Оставшись не у дел, мы перебираемся в виртуальный мир, распростертый по ту сторону компьютерного экрана. Киберспейс (между прочим, я и внедрил этот термин в отечественный словарь) открылся нам, как Америка Колумбу: Новый Свет, от которого не известно, чего ждать. Возможно, как тот же Колумб, мы приняли одно за другое. Но, вывернувшись из мистических ожиданий, киберспейс превратился в привычную сферу труда и отдыха, которые давно уже различаются меньше, чем хотелось бы. Общая интеллектуализация жизни напрочь оторвала руки от головы. В этой драматической ситуации, живо напоминающей мне кошмарный роман моего детства «Голова профессора Доуэля», труд, старорежимный, допотопный, примитивный и ручной, выживает благодаря тому, что становится не работой, а хобби.

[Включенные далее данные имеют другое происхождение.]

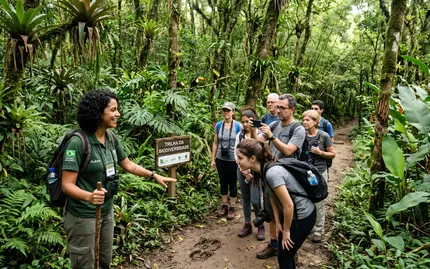 Trilha guiada na Estação Ambiental de Peti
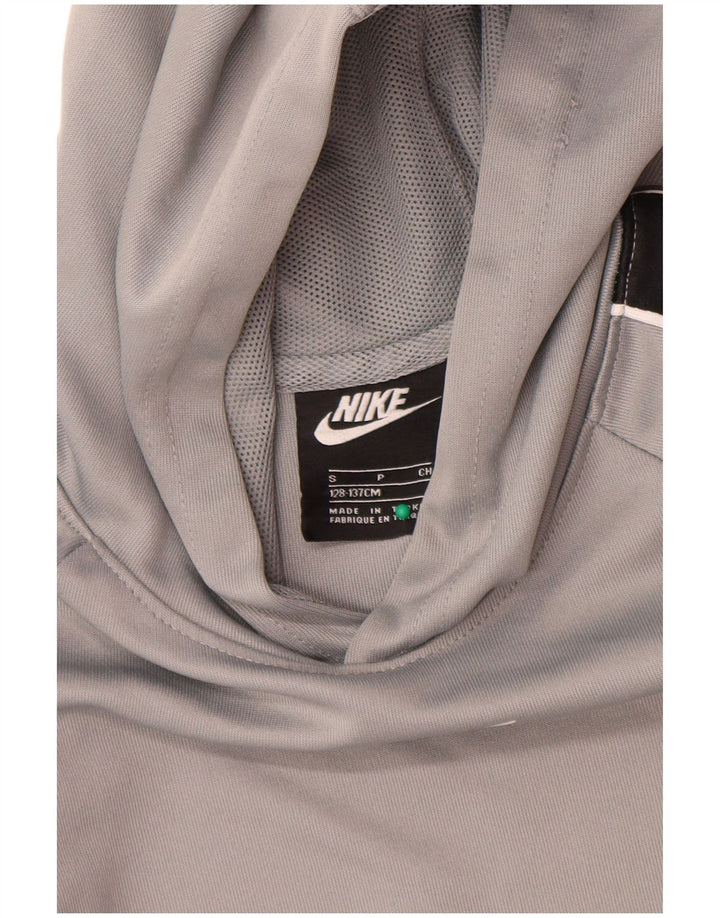 Felpa con cappuccio grafica Nike da ragazzo, 8-9 anni, piccola, in poliestere color block grigio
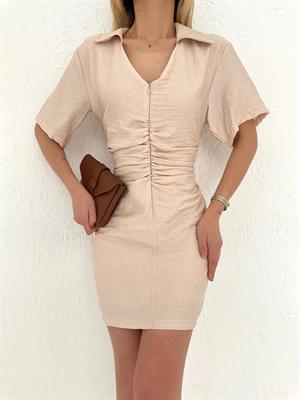 Agaç Kabuğu Kumaş Büzgü Dikişli Fermuar Detay Elbise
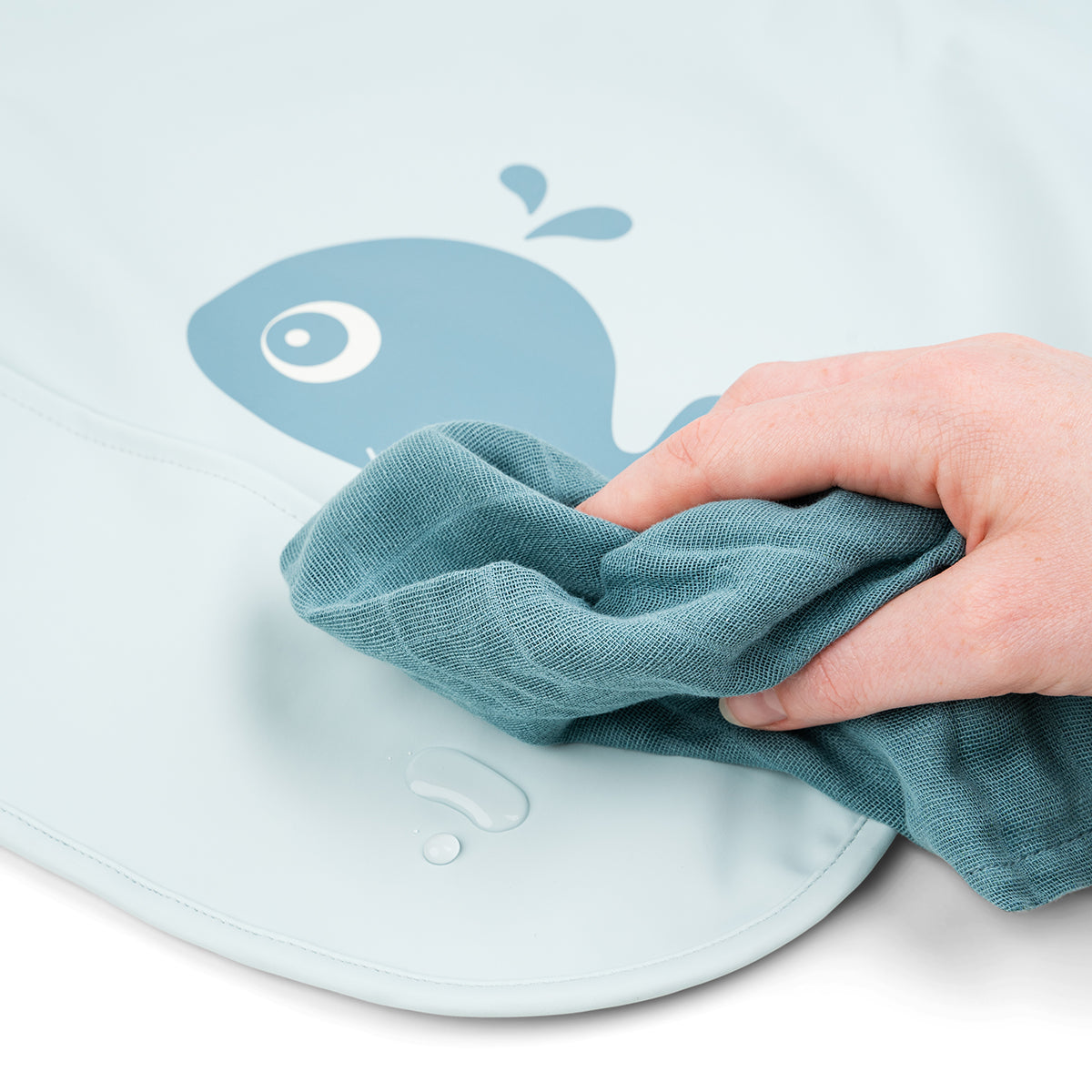 Babero con bolsillo y mangas - Wally - Azul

Справедливости ради следует сказать, что это не такая уж новость. И в России, и в Америке всегда были домашние мастера, в одном мире — из нужды, в другом — из роскоши.
О первом я узнал еще тогда, когда отец, профессор как раз той самой кибернетики, научился переплетать самиздат в украденный коленкор таежного или телесного цвета. Жизнь спустя я встретился с подобными артефактами на нью-йоркской выставке «Остальгия», собравшей экспонаты стран, располагавшихся на территории, которая раньше называлась Восточной Европой, а теперь как придется.

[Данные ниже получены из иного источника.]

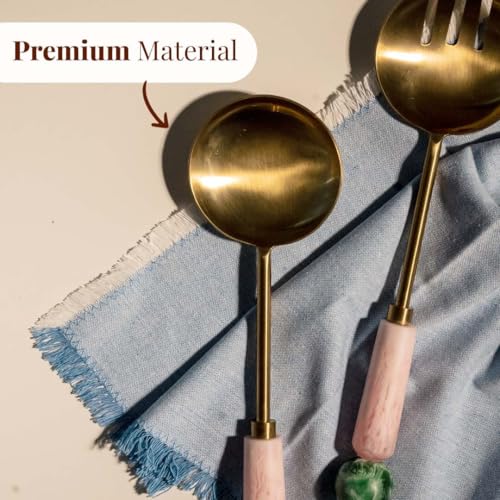 Resin Metal Salad Servers (12 x 3 inches / Pink and Sage)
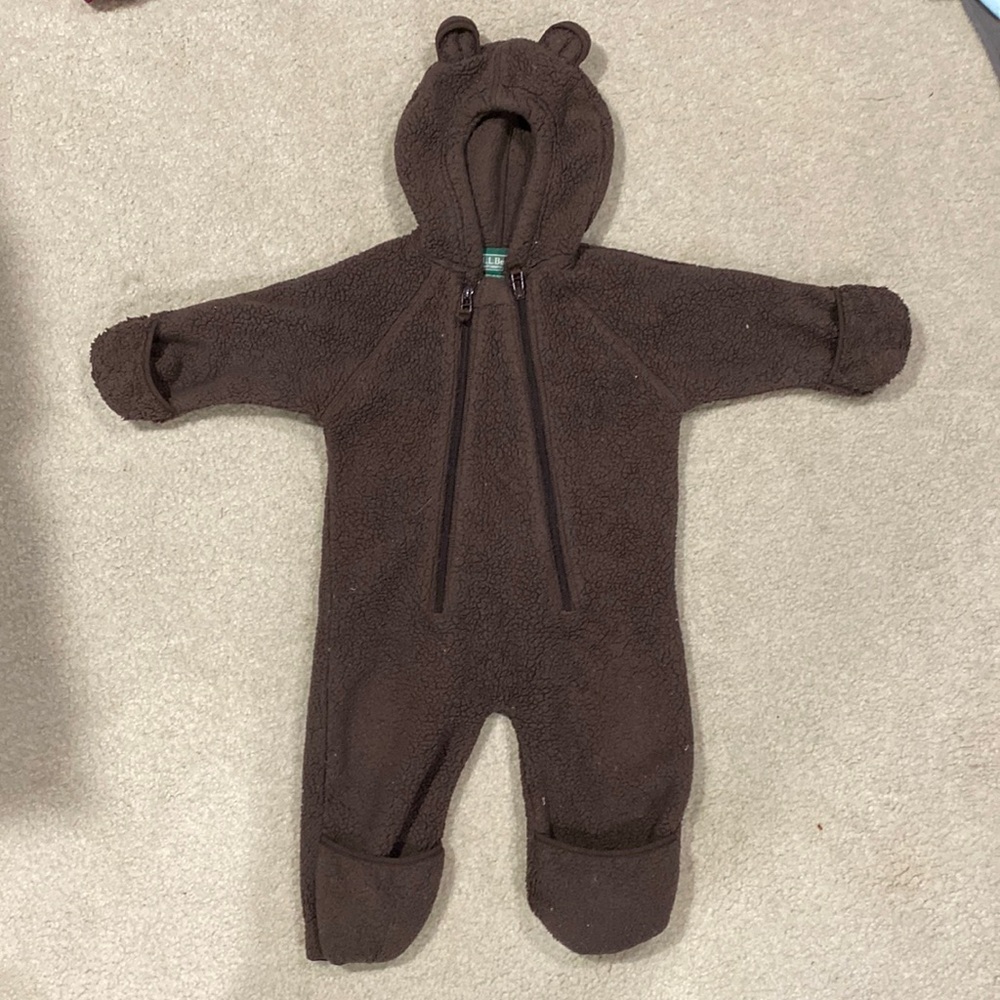 Chocolate brown teddy bear LL Bean infant bunting/snowsuit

Для меня самым интересным экспонатом была стена советской робинзонады. Как известно, Дефо снабдил своего героя тем, что тот не умел сам делать. Зато то, что сумел, поднялось на пьедестал. Например — деревянная лопата. Выпиленная за три дня с величайшими мучениями, она, наравне с попугаем и козленком, стала почти одушевленной собственностью. В условиях свирепого дефицита причудливая советская жизнь часто напоминала робинзоновскую. В замечательной книге «Ложится мгла на старые ступени», например, подробно рассказывается, как сварить гуталин. Встретившись с ее автором, я спросил, правда ли, что он — лучший землекоп в Москве.

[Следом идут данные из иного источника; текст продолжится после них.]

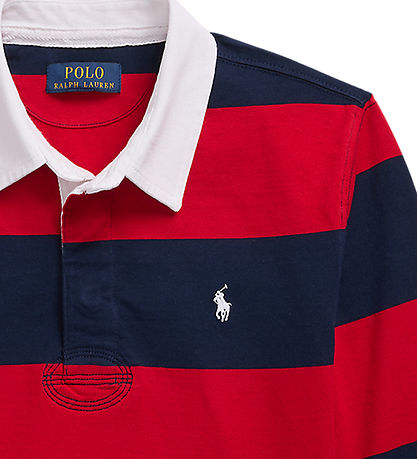 Polo Ralph Lauren Polobluse - Rugby - Rød/Navystribet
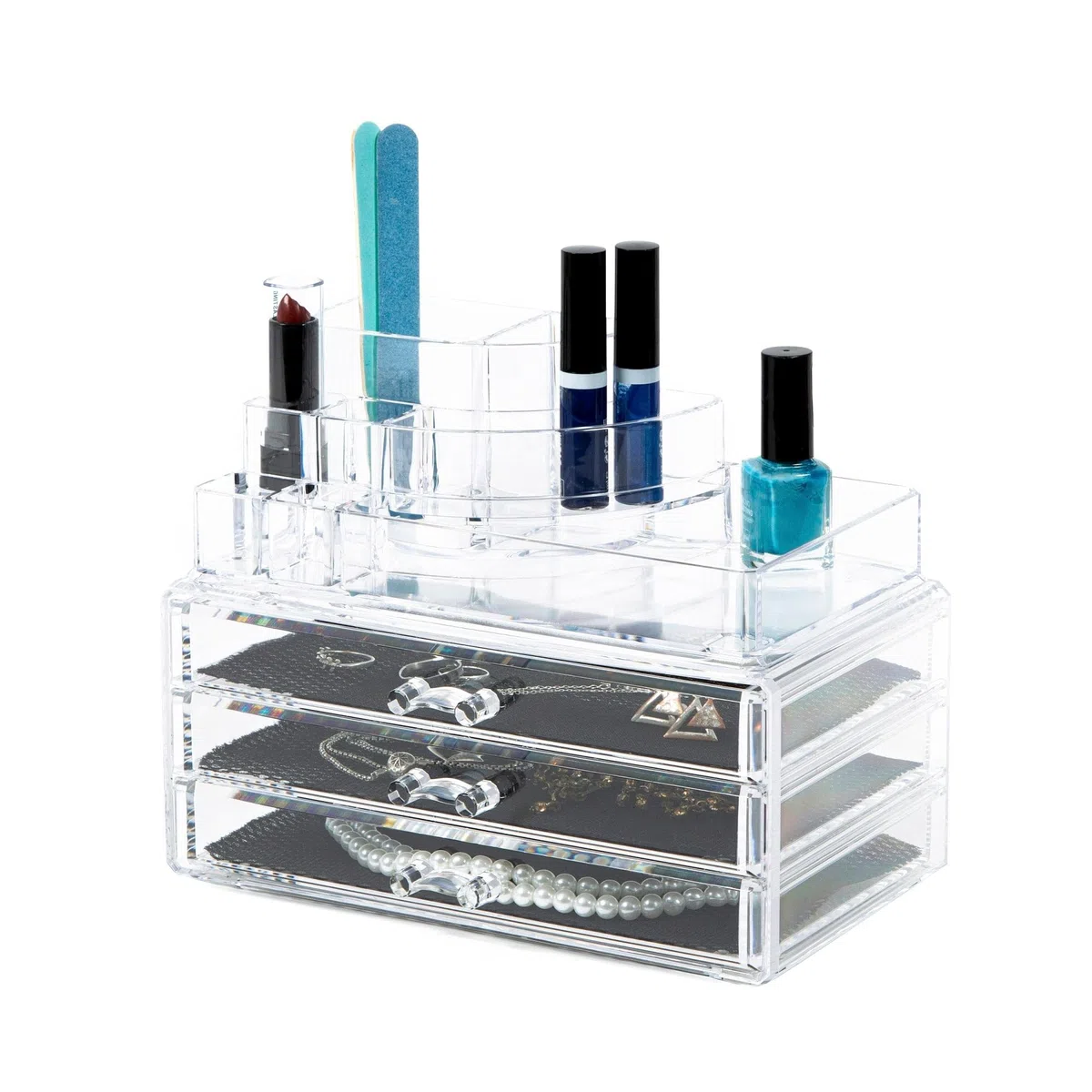 Compactor Organizador de cosméticos y joyería con 3 cajones y múltiples Compartimentos, Transparente, Fabricado en poliestireno, 24 x 15 x 18.7 cm, RAN5055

— Еще бы, — скромно ответил Александр Чудаков, — кроме того, я могу сделать любую вещь и отполировать ее.
Такому творчеству на нью-йоркской выставке была посвящена экспозиция рязанского фотографа В. Архипова, годами собиравшего снимки самодельных вещей. Их вызвали из небытия торговый голод и изобретательская удаль, заставлявшая умельца придать предмету другое, чуждое ему назначение.
— Если, — выяснял я, — граммофонную пластинку осторожно нагреть и согнуть, то получится цветочный горшок. Не очень удобный, но родной, непокупной, дикий, вернее — домашний.
Галерея таких головоломных вещей, названных автором «случайным фольклором» — свидетельство хитрой жизни, умевшей приспособиться к любым обстоятельствам и украсить их.
В Америке всё проще. Тут каждый или владеет домом, или мечтает о нем, в частности, для того, чтобы этот самый дом перестроить или следить за тем, как это сделают другие.